Doing keyword research from time to time will help you stay on top of what your prospects want. You’ll find out exactly how readers are looking for the information you’ve got. Use the free keyword suggestion tool at WordTracker to make this simple. Your post headlines can also make it easy—or difficult—for people to find the information they want. Headlines should be as descriptive as possible. Don’t be vague. You can be cute (but not too cute), as long as what you’re putting in the headline clarifies what you’re really writing about or what the reader is going to learn.

Remember, it’s all about your readers. It’s about helping them find and use the content you are giving them. Blogging is going to be a fruitless exercise if your readers can’t get what they want out of reading your blog.
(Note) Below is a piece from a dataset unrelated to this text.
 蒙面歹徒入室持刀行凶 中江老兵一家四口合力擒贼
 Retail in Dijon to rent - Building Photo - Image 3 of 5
Tip #5: Write Great First Sentences

Write an optimized first paragraph using the same keywords you used in your post headline. Make your point right away rather than leading into it. Use clear keywords in the first sentence of the first paragraph, and then summarize them again before you close your blog post. Always close by asking readers for their comments.

Tip #6: Keep it Short and Spacey

When writing, keep paragraphs short. They should be one or two sentences at most, and then break for a new paragraph. White space is your friend. Sometimes just one sentence can be as effective as a paragraph. You want lots of white space between paragraphs on your blog.

Remember, most readers are in a hurry. Text on a computer screen is also harder to read than text on paper. You want to make it as easy as possible for your readers to grasp your message quickly.

Tip #7: Use Bulleted Lists

Use bullet points and lists as often as possible. This makes your post easy:

  • To read
  • To scan
  • To understand
  • To remember

Research shows that people prefer things to be easily digestible and chunked down for them. It’s easier for them to remember your message if you’ve given it to them in a list of three to five items. Some online writing experts also recommend keeping lists to an odd number of bullet points, but the important part is to use lists whenever you can.

There are many ways to ensure you have great blog posts. These seven tips provide a good starting point and checklist to help you stay on track and create content your readers will devour and that will move them to action.

What other tips would you add to this list to write better blog posts? Share your best blogging tips in the comments below.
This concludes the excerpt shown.